Si chiama Stefania Toneatti (per chi vuole, qui c’è la pagina IG e qui il suo sito internet), e con solo un paio di incontri ci ha aiutati a capire come risettarci ogni volta che lə bebè ha cambiato il suo modo di dormire. Ed è stata sempre disponibile a confrontarsi con me, ogni volta che mi prendeva il panico per il sopraggiungere di una nuova giravolta.
Dopo i primi scambi di messaggi e le prime chiamate, Stefania, ha trovato qualcosa di pungente nel mio modo di narrare, e mi ha chiesto di comporre per lei dei pezzi sulla maternità, che fossero veri e spietati, per arricchire le sue newsletters.
Per ora ne ho scritti due, uno già uscito e uno che spedirà a gennaio.
Inutile sottolineare che in questo piccolo nuovo compito mi diverto molto, e che trovo anche terapeutico questo poter essere in un minimo modo dissacrante verso questa nuova parte della mia vita, che tanto mi affatica.
Il primo scritto lo potete leggere qui sotto, ho avuto il permesso di riappropriarmene.
Per il secondo, serve aspettare gennaio ed iscriversi alla newsletter di Stefania.
La madre childfree.
Sono sempre stata una donna childfree*.
Fin da quando ero bambina: non volevo mi si regalassero bambole, non giocavo a “mamma e figlia” o ad altri surrogati di situazioni reali simili. Le poche Barbie che avevo non si interessavano della Shelley di mia sorella: erano childfree pure loro, nel mio ostinarmi a metterle in posa sul loro divano rosa con un libro in mano (Greta Gerwig, che ne pensi?).
Ho fotografie in cui mostro una chiara faccia disgustata accanto allə neonatə che ruotavano attorno alla mia famiglia e non solo. La sfortuna ha voluto, infatti, che io sia figlia di una ostetrica, e non si poteva camminare per strada senza che ogni volta fossimo costrette a fermarci a parlare con un’orda barbarica di donne con carrozzina, con il palese visibilio di mia madre per tutte queste nuove vite associato al mio ininterrotto fastidio.

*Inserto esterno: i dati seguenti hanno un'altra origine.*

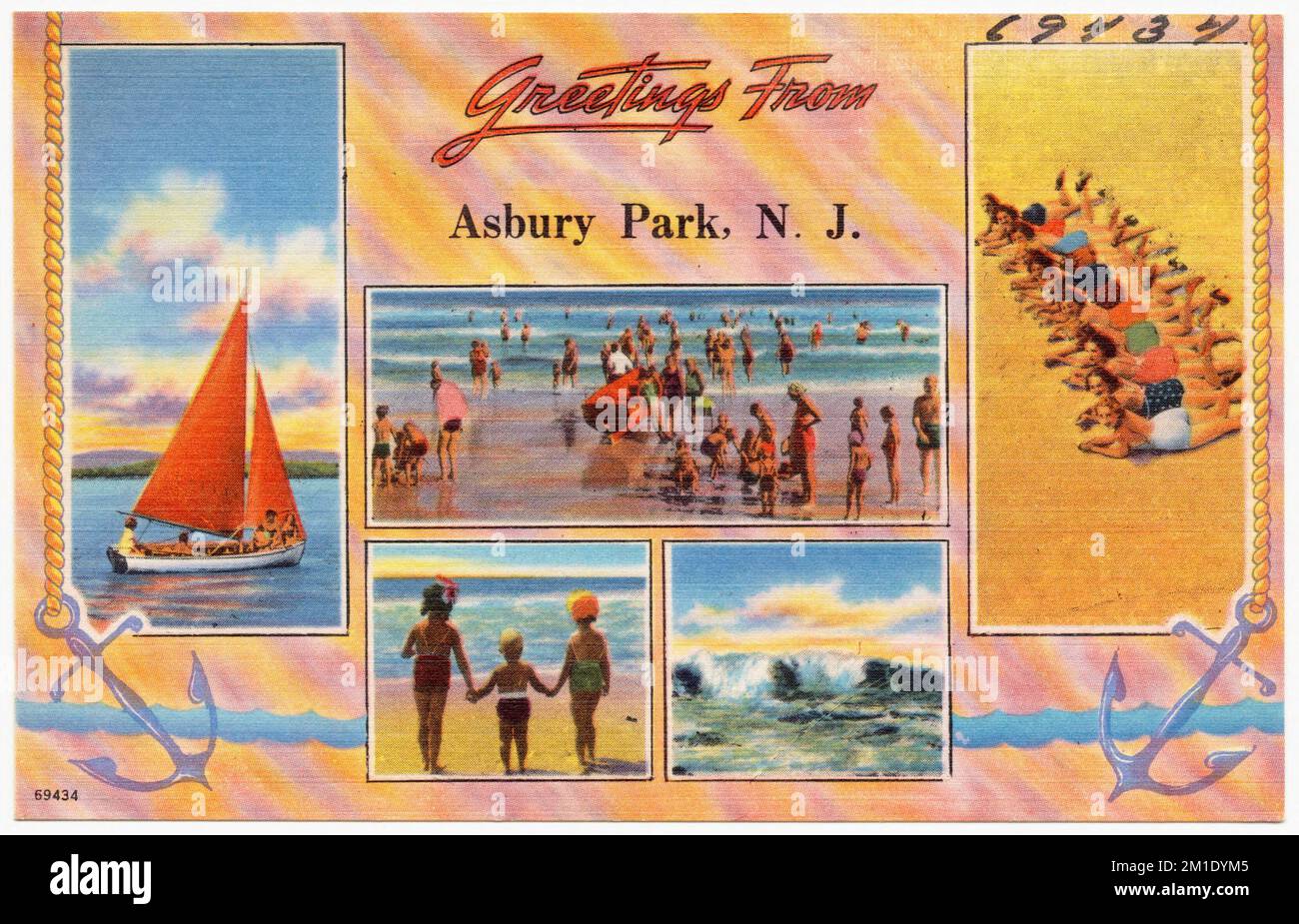 Grüße aus Asbury Park N. J. , Beaches, Boats, Tichnor Brothers Collection, Postkarten der Vereinigten Staaten Stockfoto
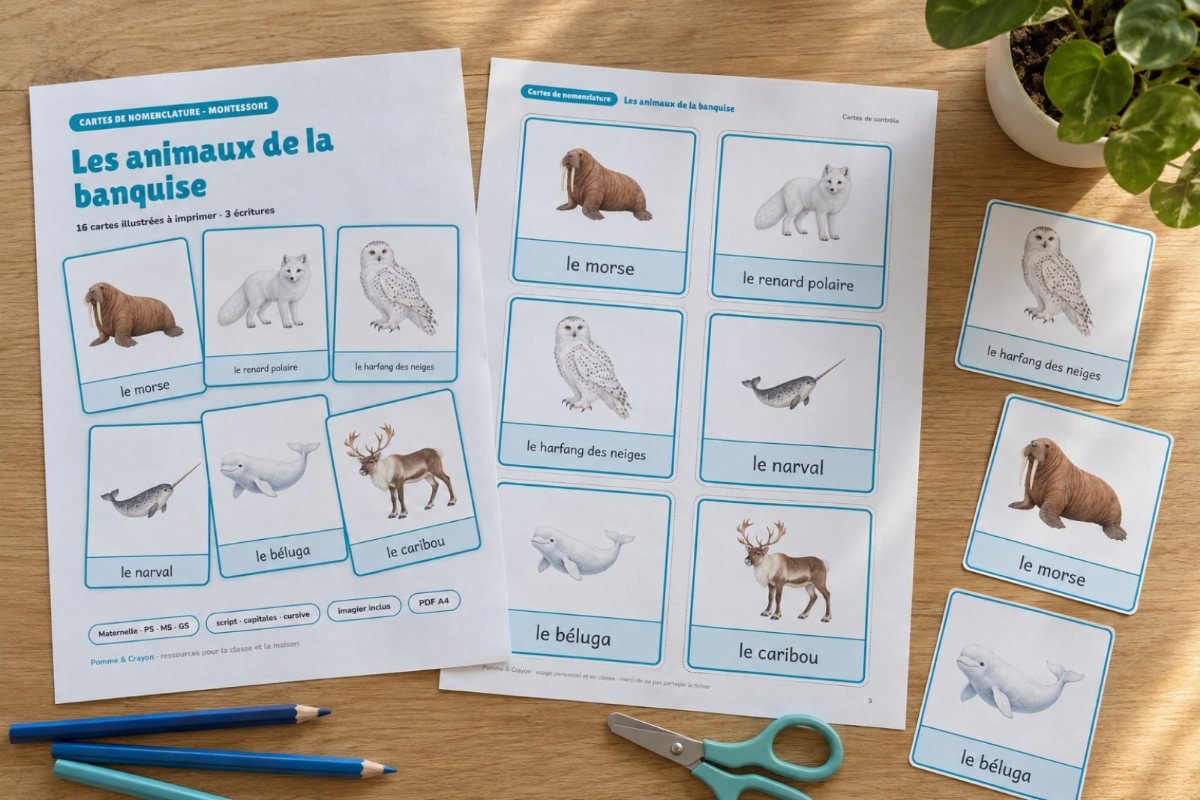 Les animaux de la banquise : imprimé sur la table
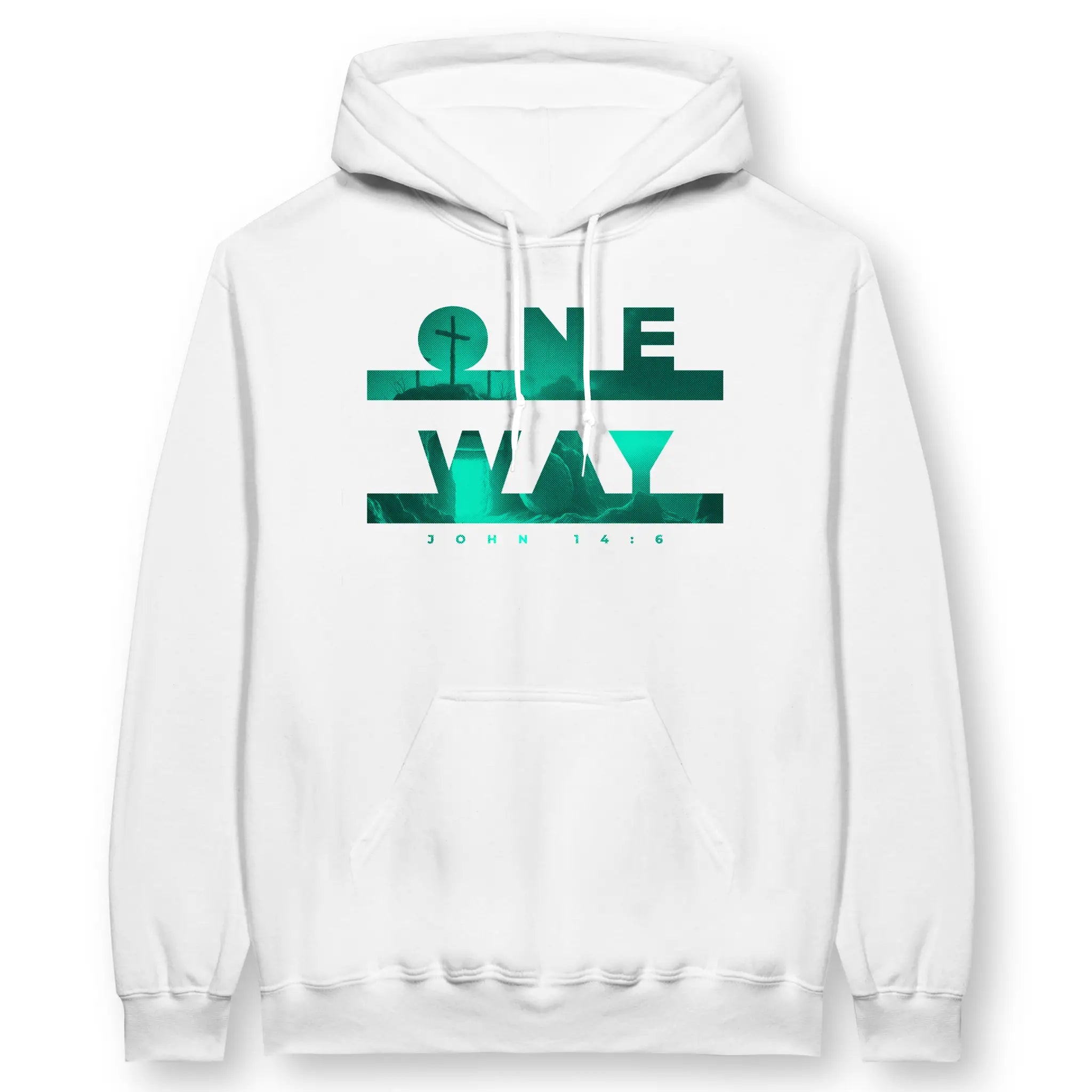One Way (John 14:6) – Unisex Christian Hoodie designed by 3rd Day Christian Clothing.
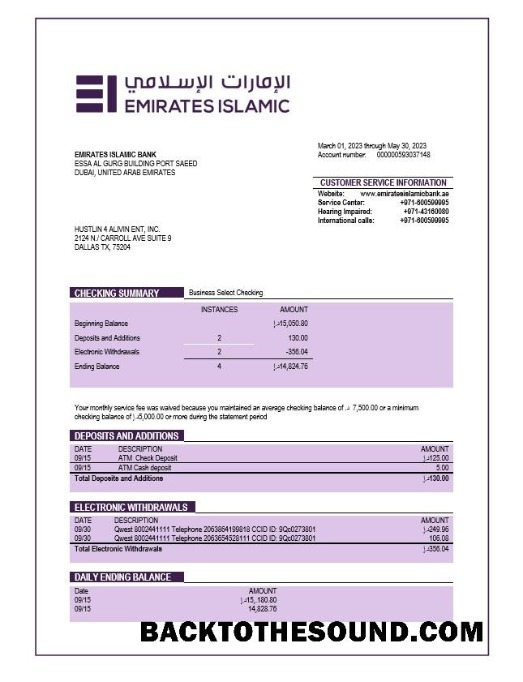 Pobierz Emirates Islamic Bank firma Konto Wyciąg bankowy Word and PDF Próbka szablon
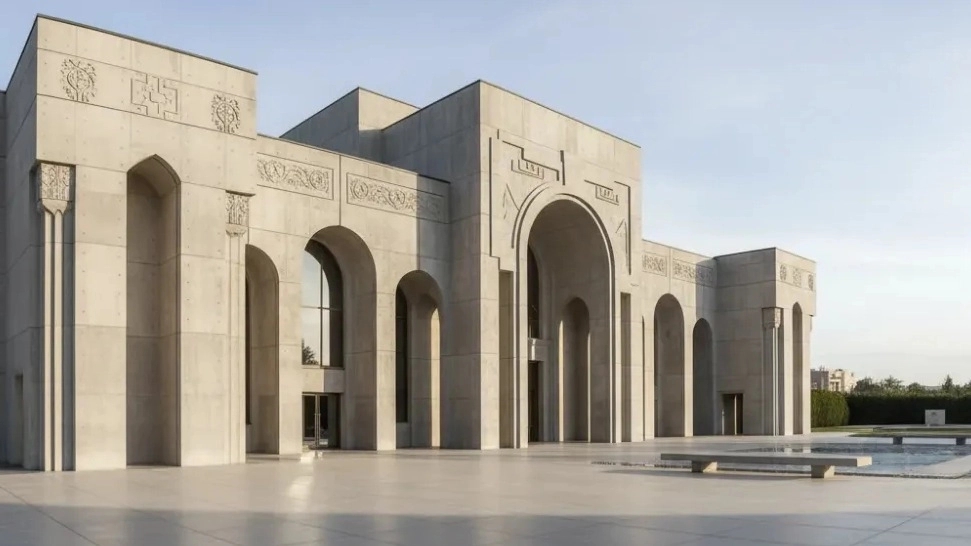 Cement facade of ceremonial halls with special design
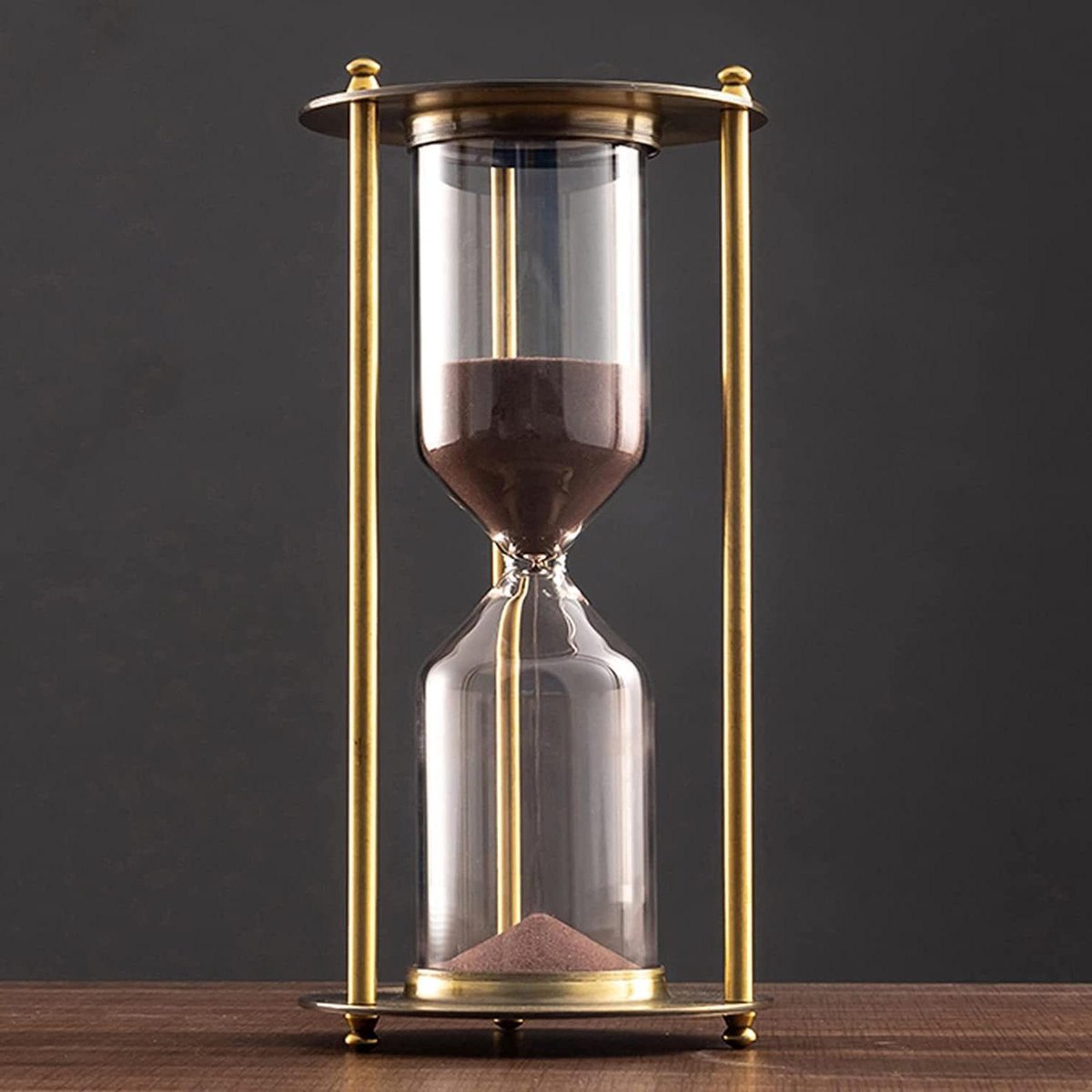 Zandloper - Zandloper timer - Woondecoratie - Hoog borosilicaatglas - 8 x 21cm - Wit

Crescendo, ho continuato a non sentire nessuna forma di interesse verso lə lattantə. Qualcosa meglio quando questə bambinə raggiungevano un’età, diciamo almeno i quattro anni, in cui potevamo giocare a rincorrerci oppure leggere e raccontarci una storia. Insomma, qualcosa di fisico e non troppo infantile. Non mi stupirei se la mia cuginetta di sedici anni meno di me raccontasse che le leggevo brani di Dostoevskij, a quell’età ero fissata con gli autori russi.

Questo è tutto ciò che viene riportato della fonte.